Video: How does it look?
Batman: The Movie is presented in 1.85:1 anamorphic widescreen. This isn’t razor sharp or three dimensional, but the movie has never looked better. The image is so clean and clear, with strong detail and a natural, bright presence. As I said, you won’t be floored by the depth here, but detail is quite good and easily puts the standard DVD to shame. The movie’s bright color scheme is well replicated, so hues are bold and rich in hue. I didn’t see much in terms of print concerns, though some scenes do show some softness at times. Even so, I was impressed with this new transfer and I think fans will be satisfied.
Audio: How does it sound?
This movie doesn’t have an epic sound design, but the comic book sound effects have never sounded so good. A DTS HD 5.1 option brings all the haymakers, shark attacks, and riddles to life in grand fashion. The surrounds don’t boom by any means, but the material sounds natural and full of life, which is all we can ask. The vocals sound good too, so Adam West’s hilarious delivery doesn’t miss a beat here. And of course, the music is in fine form and that means the classic theme song comes across well. This disc also includes a French language track, as well as subtitles in English, Spanish, Cantonese, and Mandarin.

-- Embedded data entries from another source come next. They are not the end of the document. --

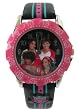 Disney High School Musical watch - HSM timepiece wristwatch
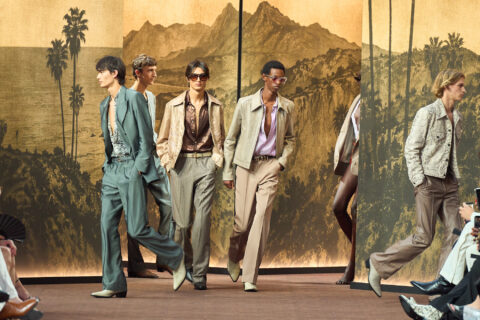 Amiri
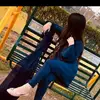 jay jani - @jay.jani86 - TikTok
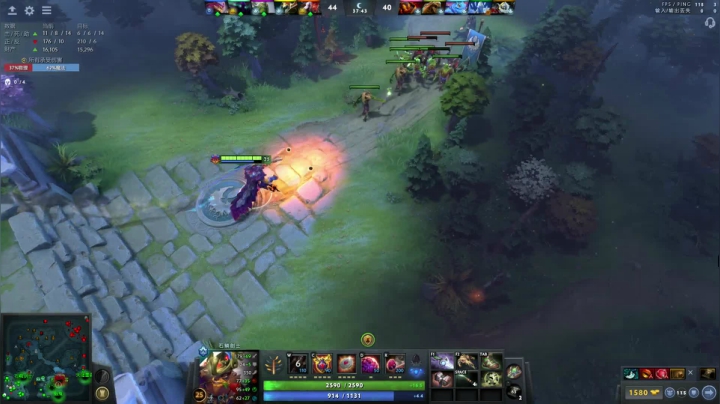 【2021-05-13 23点场】Tzy丶p1：有生之年上个1W分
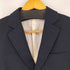 ビューティーアンドユースユナイテッドアローズ BEAUTY & YOUTH UNITED ARROWS BB T/W DOSKN BLAZER レディース JPN:38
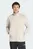Мужская бежевая спортивная кофта Terrex Multi CLIMAWARM Full-Zip Tech Fleece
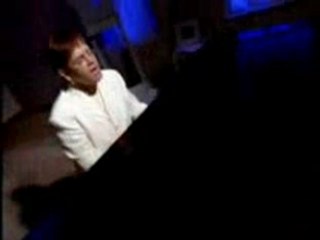 Elton john le roi lion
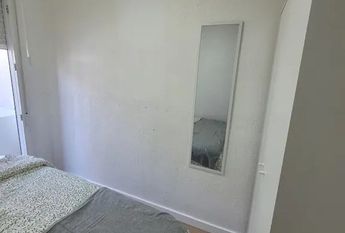 Calle Federico Maicas, Torrent, Valencian Community 46900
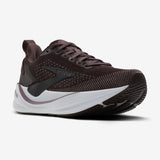Brooks - Ghost Max 4 - Femme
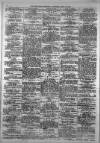 Leicester Daily Mercury Saturday 21 May 1927 Page 4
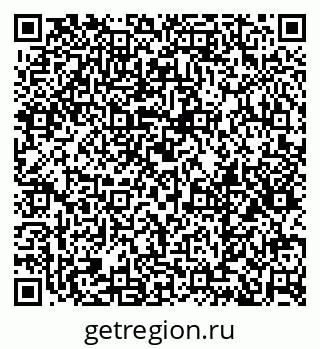 79379124614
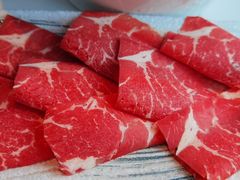 -红门金汤·港式火锅(英皇集团中心店)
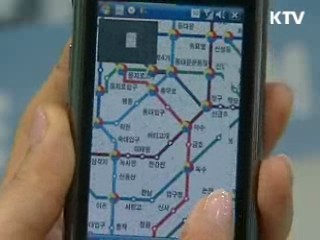 추경 투입 '디지털 디자인' 집중육성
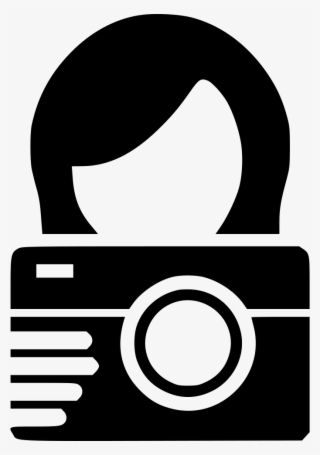 Camera Flash Lens Graphy User Comments - Senja #4800196 Camera Flash Lens Graphy User Comments - Senja #4800196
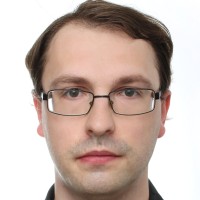 Tomasz Kacperski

Supplements: What are the extras?
New to this high definition release are some featurettes, all well worth a look, an isolated score track (in DTS HD 5.1, no less), a trivia track, and audio comments from writer Lorenzo Semple, Jr. Semple is talkative and touches on the movie’s tone and shares some production anecdotes. I didn’t love this session, but it was decent and worth a listen if you have the spare time. The rest of the extras are ported over from the DVD, but at least they’re here, right? I was thrilled to learn an audio commentary with Adam West and Burt Ward was being included, as I knew the two would have some great stories and such. I was not let down in the least either, as the two discuss the film’s production and the television show also, which made it an even better session than expected. This is no dry track either, as the two crack all sorts of jokes and in many cases, the humor is a little lowbrow, but hilarious nonetheless. This is a fantastic overall track and once again, I commend Fox for putting the extra effort into this release, as I loved every second of the commentary session. A newly created featurette is also found on this disc, which includes more comments from West & Ward, while another featurette offers a look inside the Batmobile, which is a welcome inclusion. A very ample selection of production photos, behind the scenes stills, concept artwork, and other materials can be viewed in the two still galleries, which offer much more content than expected, to be sure. This disc also includes the film’s theatrical trailer, as well as the teaser trailer, both of which are cool to have on deck.